Tyler McClay of the Missouri Catholic Conference was the only in-person witness and testified against committee House Bill 359, which alters the restrictions around concealed carry weapons in religious establishments.
Gun-free zones are areas where firearms are federally prohibited with or without a permit. The bill would remove churches from that category.
House Bill 359 — led by freshman state Rep. Ben Baker, R–Neosho — is a proposal that guarantees the right to concealed carry in churches to “ensure that constitutional Second Amendment rights aren’t stripped from us just because we choose to attend a church or a place of religious worship,” Baker said.
Baker credited his carrying of the bill to a 2007 high-profile church shooting in his hometown of Neosho that resulted in three deaths and four people wounded.
Current Missouri law dictates that a concealed carrier must have permission from a church leader or someone representing a given religious organization. Baker said the proposal would change the default so that bringing a gun is allowed by law unless the church prohibits it.
Concealed carry weapons can be brought into sport stadiums with a capacity under 5,000 attendees under current state law. Rep. Adam Schnelting, R–St. Charles, questioned whether guns “allowed in a stadium of 5,000 people or less, but not in church,” is fair.
“There’s not a constitutional right to watch Cardinals games,” Rep. Wes Rogers, D-Kansas City said, “so I think that having a firearm outweighs your right to watch Cardinals games.”
The proposal received further push-back from Democratic members of the committee, including Rep. Peter Meredith, D–St. Louis, who reminded the committee of legal issues that can arise from challenging gun-free zones. Several religious organizations in the state have historically opposed bills that they say harms religious liberties.
“So, despite all of the folks that run our churches saying that they want the default position to be no guns,” Meredith said, the bill looks to limit their control and force them to “figure out a separate enforcement mechanism when this criminal penalty goes away.”

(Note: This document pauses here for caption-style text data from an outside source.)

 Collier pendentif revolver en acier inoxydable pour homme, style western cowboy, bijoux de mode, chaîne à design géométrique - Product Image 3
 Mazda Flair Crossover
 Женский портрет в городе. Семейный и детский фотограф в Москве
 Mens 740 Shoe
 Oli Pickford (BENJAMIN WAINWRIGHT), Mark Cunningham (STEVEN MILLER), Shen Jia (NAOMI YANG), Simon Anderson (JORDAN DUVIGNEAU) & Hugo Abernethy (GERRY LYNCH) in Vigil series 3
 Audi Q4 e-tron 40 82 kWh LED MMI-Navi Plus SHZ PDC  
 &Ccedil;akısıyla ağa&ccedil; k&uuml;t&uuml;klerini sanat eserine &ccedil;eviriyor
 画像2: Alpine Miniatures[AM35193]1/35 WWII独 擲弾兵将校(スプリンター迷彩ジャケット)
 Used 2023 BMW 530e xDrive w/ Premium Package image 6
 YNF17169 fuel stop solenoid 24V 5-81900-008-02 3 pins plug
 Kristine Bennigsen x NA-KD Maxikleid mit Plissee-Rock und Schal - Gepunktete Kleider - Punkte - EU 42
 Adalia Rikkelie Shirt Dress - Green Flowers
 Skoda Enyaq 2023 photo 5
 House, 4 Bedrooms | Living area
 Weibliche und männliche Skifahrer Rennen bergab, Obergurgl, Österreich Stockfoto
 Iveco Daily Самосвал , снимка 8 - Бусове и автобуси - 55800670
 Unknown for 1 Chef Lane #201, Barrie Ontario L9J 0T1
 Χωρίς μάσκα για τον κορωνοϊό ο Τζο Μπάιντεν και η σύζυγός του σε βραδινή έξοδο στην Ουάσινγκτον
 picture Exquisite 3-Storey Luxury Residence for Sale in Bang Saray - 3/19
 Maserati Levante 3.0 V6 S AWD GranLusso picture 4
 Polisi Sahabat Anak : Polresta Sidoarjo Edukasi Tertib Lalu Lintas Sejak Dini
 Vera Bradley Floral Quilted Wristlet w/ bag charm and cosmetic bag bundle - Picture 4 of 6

Religious leaders have condemned gun proposals allowing people to carry concealed firearms in church without permission from clergy before, with a St. Louis’ Catholic archbishop even threatening to sue on freedom of religion grounds after a 2018 house bill looked to allow concealed weapons in places that are currently designated gun-free zones by federal law.
Rep. Keri Ingle, D–Lee’s Summit, said she was concerned about the legality of the proposal, as well as the potential risks in congregations having to advertise gun prohibitions on their property.
“One of the things that I’ve heard time and time again, is that when there are signs posted saying ‘no guns on the premises,’” she said, “that it opens that facility back up to being attacked.”
McClay said most churches favor their own contingency plans, as evident by the slew of submitted online testimony.
“I don’t know if any priests or bishops signs up saying no guns in my perish,” he said. “That’s going to be an interesting legal question actually as to whether that would be compelled speech.”